Auch beim SC Rapperswil-Jona Lakers und dem HC Ajoie sieht es mau aus. Bei den Lakers kämpfen die U-20-Spieler oft gegen Widerstände, während der HC Ajoie schlichtweg auf keinen einzigen Spieler dieses Jahrgangs setzt – eine Folge des fehlenden eigenen Nachwuchsteams. Die Zahlen sprechen eine deutliche Sprache und lassen Zweifel aufkommen, ob der Fokus auf die Förderung junger Spieler wirklich im Vordergrund steht.

Ein Blick auf die Tabelle zeigt ein überraschendes Bild: Der HC Ambri-Piotta profitiert zwar noch von der starken Saison 2023/24, doch insgesamt bewegen sich die Werte hier ebenfalls auf einem niedrigen Niveau. Genève-Servette HC zeigt zwar in dieser Saison eine höhere Einsatzrate junger Spieler, doch die Dominanz eines einzelnen Talents, Simas Ignatavicius, verzerrt das Gesamtbild.

Die lichtblicke und die hoffnung auf die zukunft

Die lichtblicke und die hoffnung auf die zukunft

Es gibt aber auch positive Beispiele. Der Lausanne HC und der HC Fribourg-Gottéron haben in der aktuellen Saison deutlich mehr junge Spieler eingesetzt und damit ihre Position im Ranking verbessert. Besonders in Fribourg ist ein klarer Trend erkennbar: Der Verein setzt wieder vermehrt auf die Jugend, was sich aktuell im Playoff-Halbfinal widerspiegelt. Die ZSC Lions setzen zwar primär auf die GCK Lions, bieten aber dennoch Talenten die Möglichkeit, in der National League zu schnuppern.
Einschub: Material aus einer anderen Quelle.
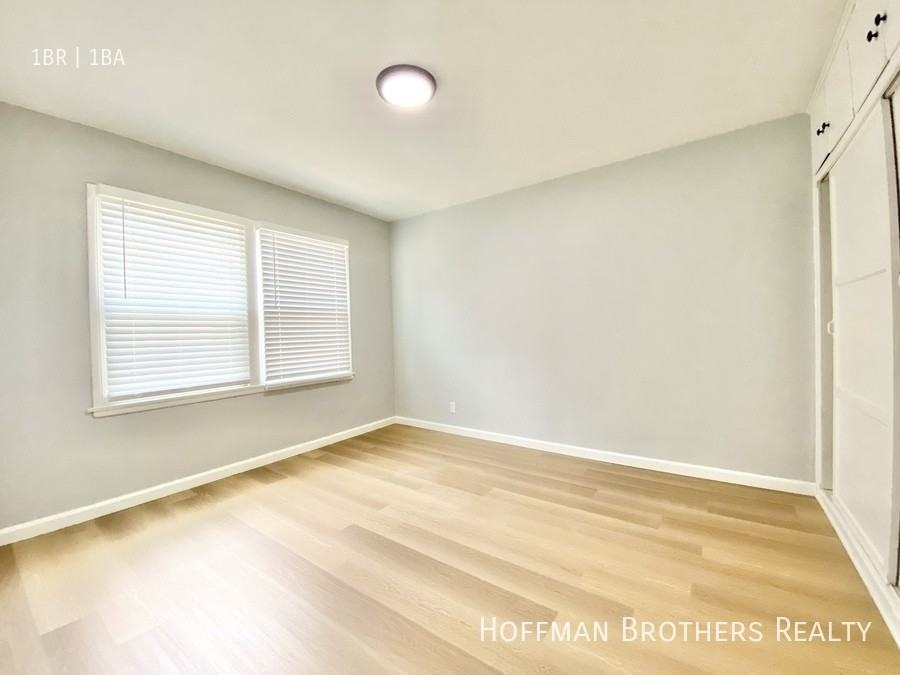 1362 S Longwood Ave #2 - Photo 5 of 7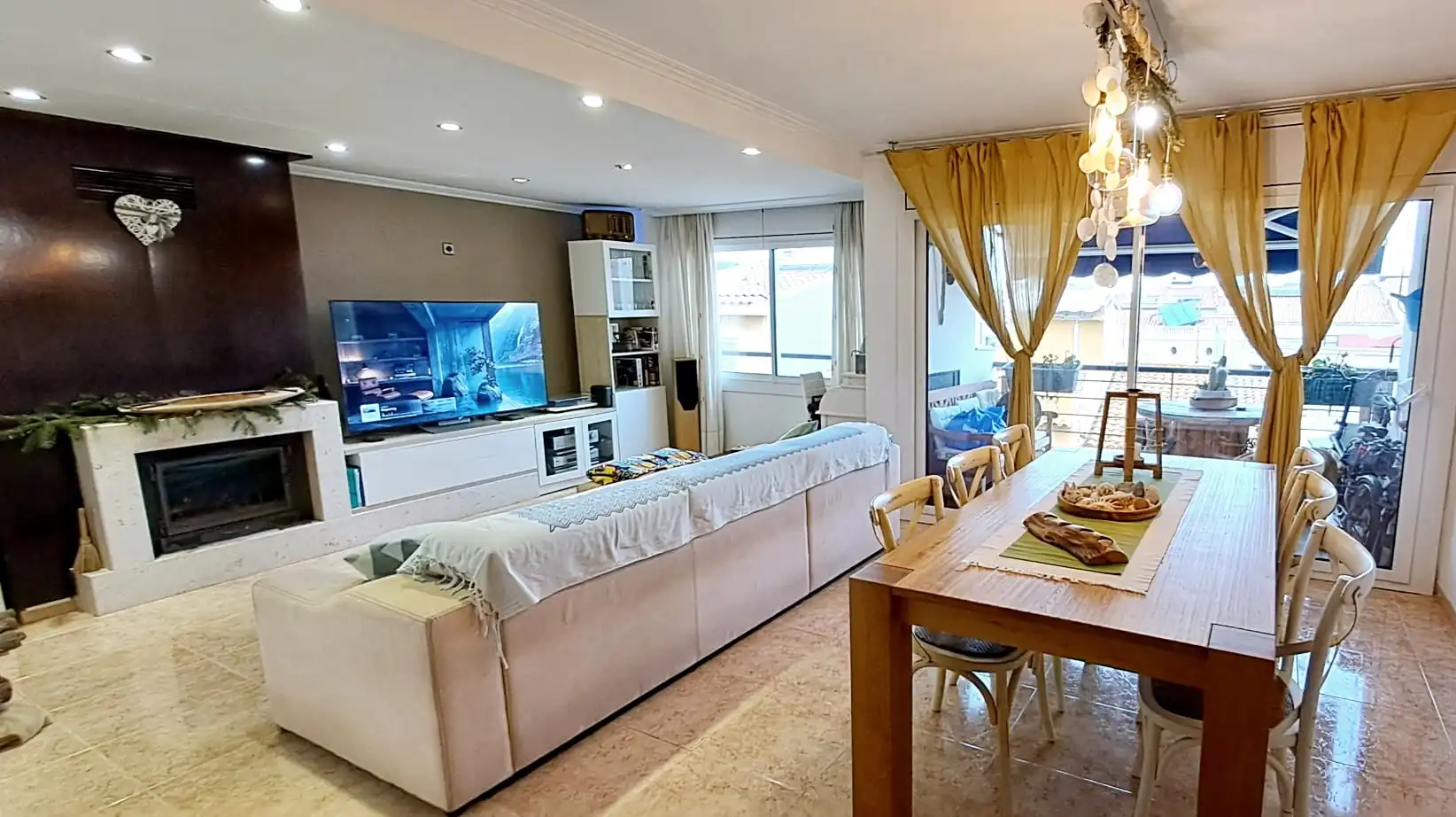 Sala d'estar de Dúplex en venda en Malgrat de Mar amb Aire condicionat, Terrassa i Moblat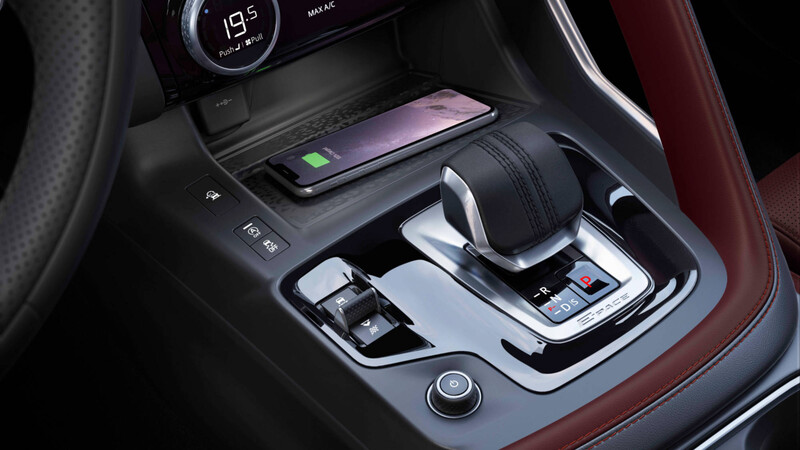 Jaguar E-Pace PHEV 2021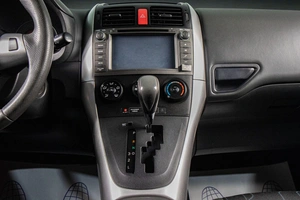 Хетчбэк Toyota Auris 2011 года, 1009000 рублей, Сургут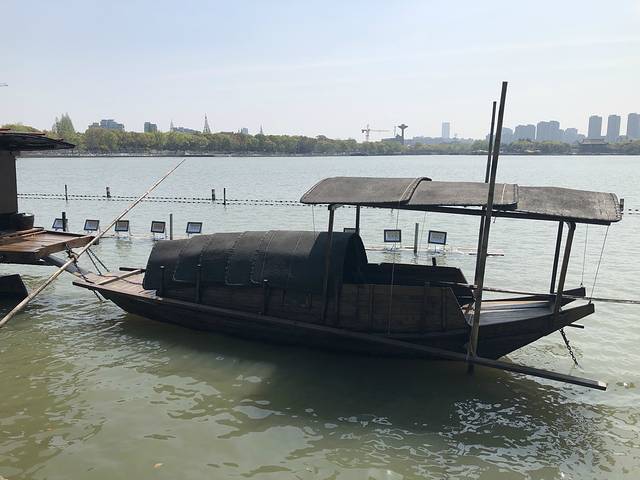 中共一大纪念船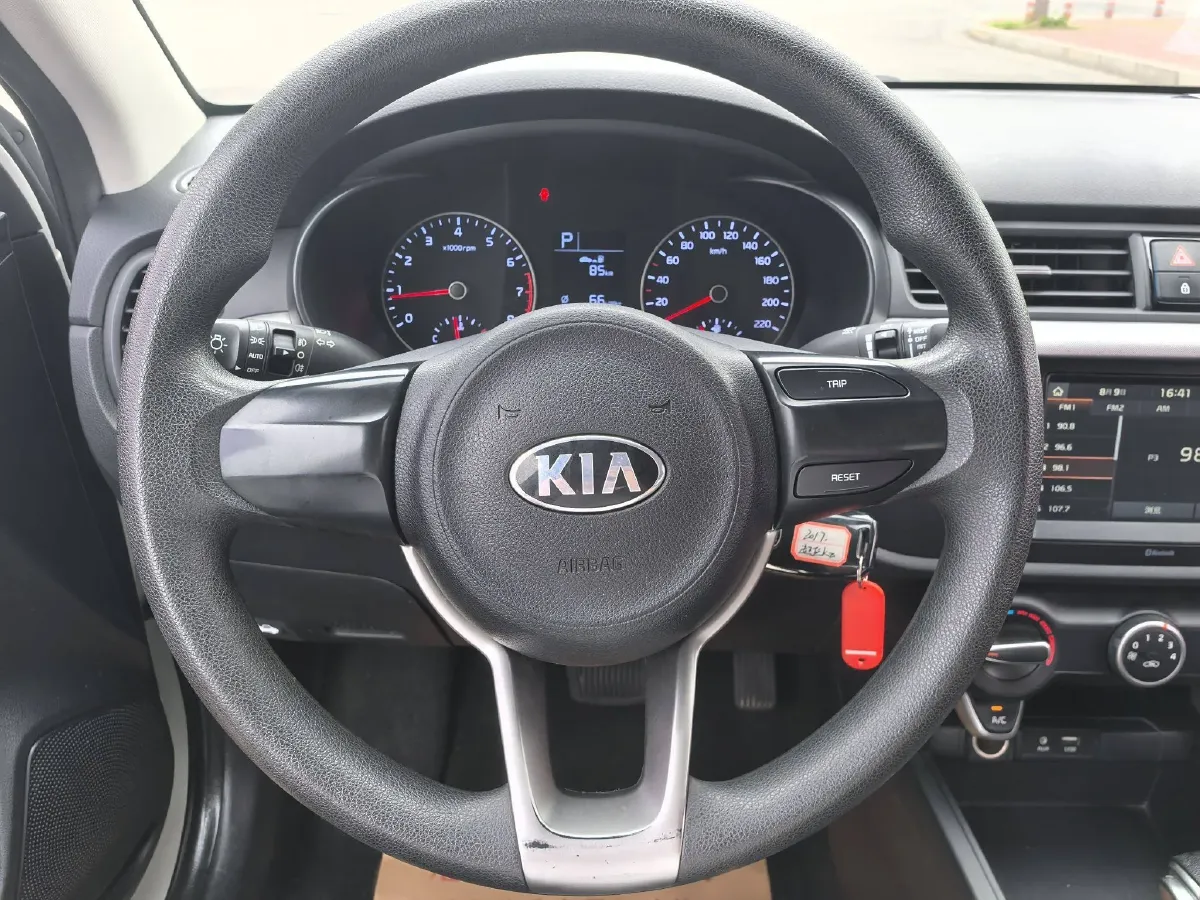 2017 Kia K2 1.4L 100HP L4 6AT,autocango,china used car exporter,china ev exporter,chinese used car exporter,chinese used ev exporter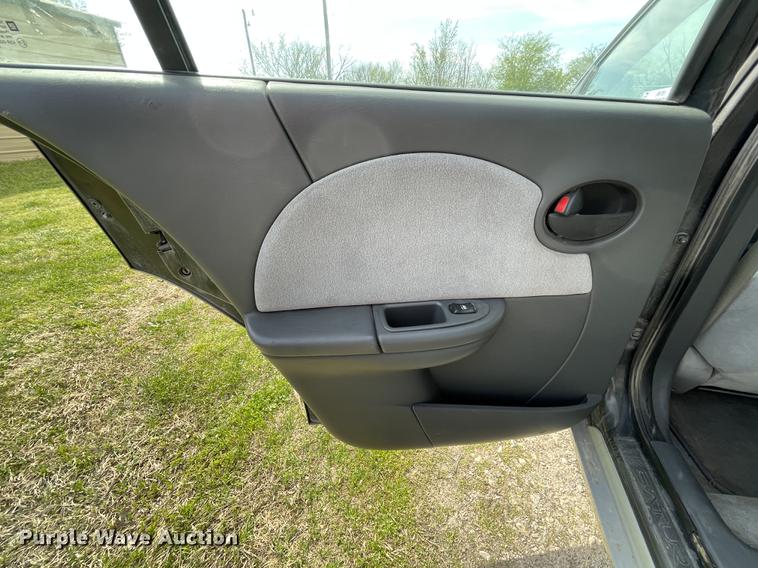 image for item IR9781 2004 Saturn Ion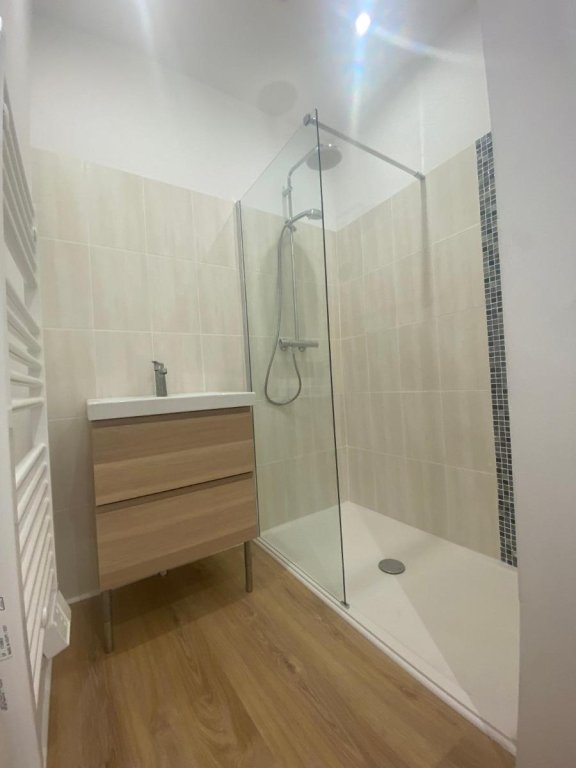 APPARTEMENT T3 A LOUER - ST ETIENNE - 58.82 m2 - 639 &euro; charges comprises par mois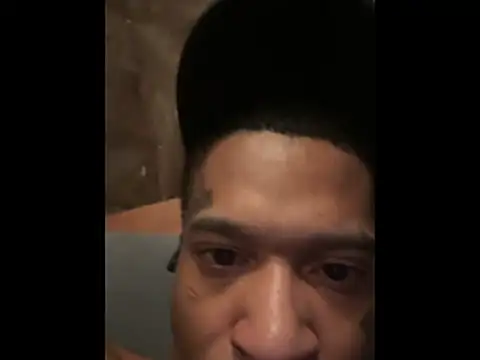 Snapshot of JRNBLU44 chatting on 04-05-26, 09:28 JRNBLU44 online show from 04-05-26, 09:28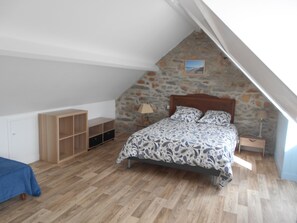 4 bedrooms, iron/ironing board, travel cot, free WiFi - Gîte 5 Personnes (Le Vast)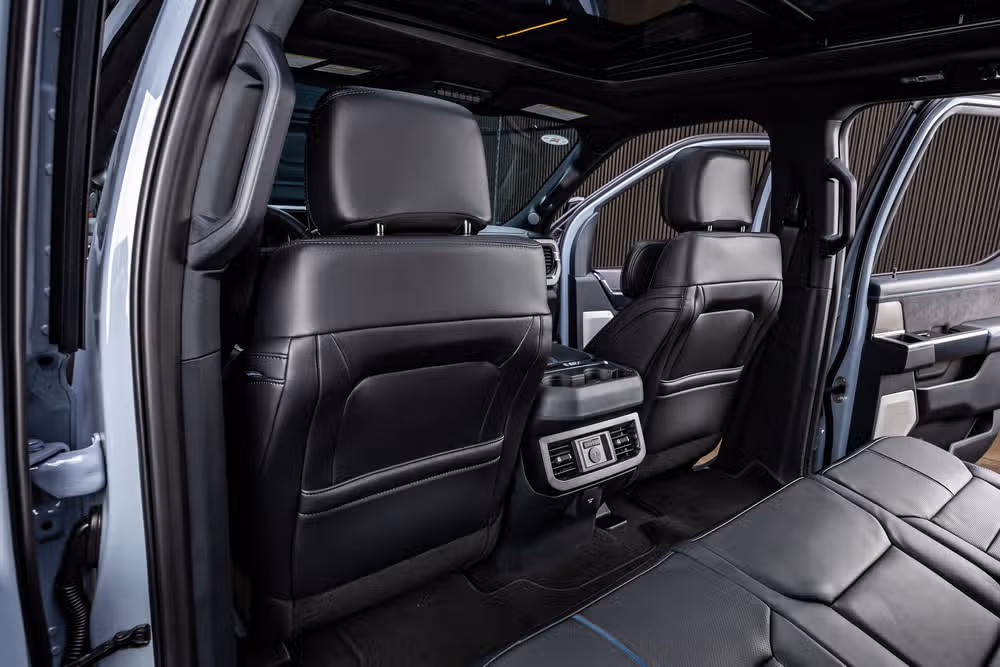 2026 Ford F-250 Super Duty Platinum Crew Cab Image 36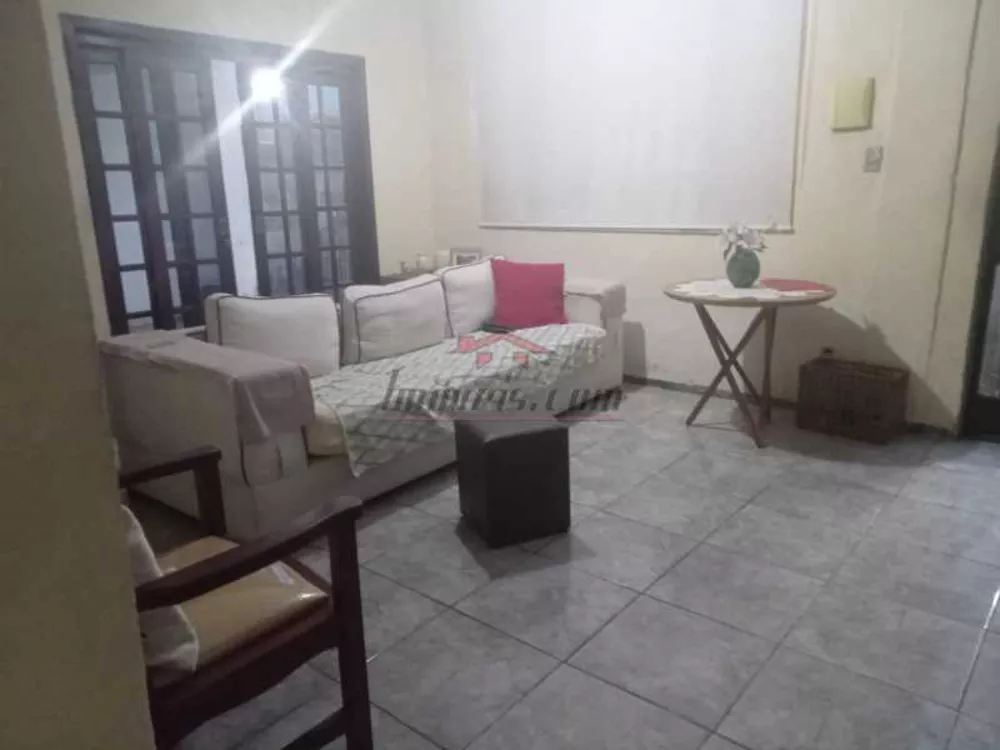 Casa, 4 quartos, 240 m² - Foto 2
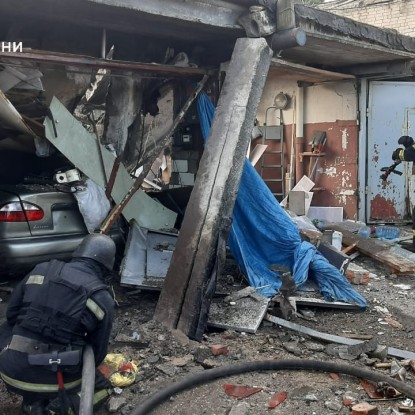 Rescuers took the victim out of the rubble for about an hour. Photo: DSNS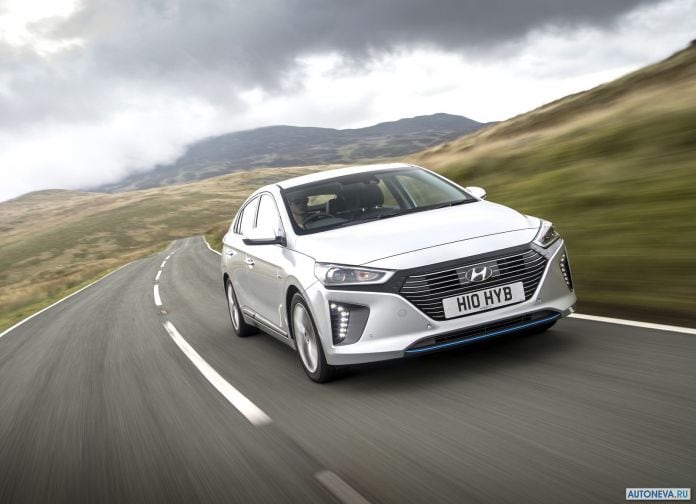 2017 Hyundai Ioniq UK-version - фотография 17 из 205 2017 Hyundai Ioniq UK-version - фотография 17 из 205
Die SCL Tigers investieren in ihre Nachwuchsarbeit und haben mit Nik Lehmann, Mike Aeschlimann und Simon Bär drei U-20-Spieler in der National League etabliert. Doch der wahre Überraschungsmann ist der EHC Kloten, der trotz seiner schwierigen Saison weiterhin auf junge Spieler setzt. Der EHC Biel-Bienne führt die Liste an, mit Niklas Blessing, der fast 670 Minuten Eiszeit erhielt. Jonah Neuenschwander, der jüngste eingesetzte Spieler, deutet eine rosige Zukunft an.

Der EV Zug brilliert nicht nur sportlich, sondern auch in der Integration junger Spieler. Mit einem durchschnittlichen Eiszeitanteil von 6:36 Minuten pro Spiel setzen die Zuger ein klares Zeichen. Diese Investition in die Zukunft könnte sich in den kommenden Jahren auszahlen und das Schweizer Eishockey nachhaltig prägen.

Die Frage, ob die traditionellen Top-Klubs bereit sind, ihren Fokus stärker auf die Förderung junger Spieler zu legen, bleibt offen. Denn die Zahlen zeigen deutlich: Wer heute auf die Jugend setzt, könnte morgen die Früchte ernten – und die Konkurrenz hinter sich lassen.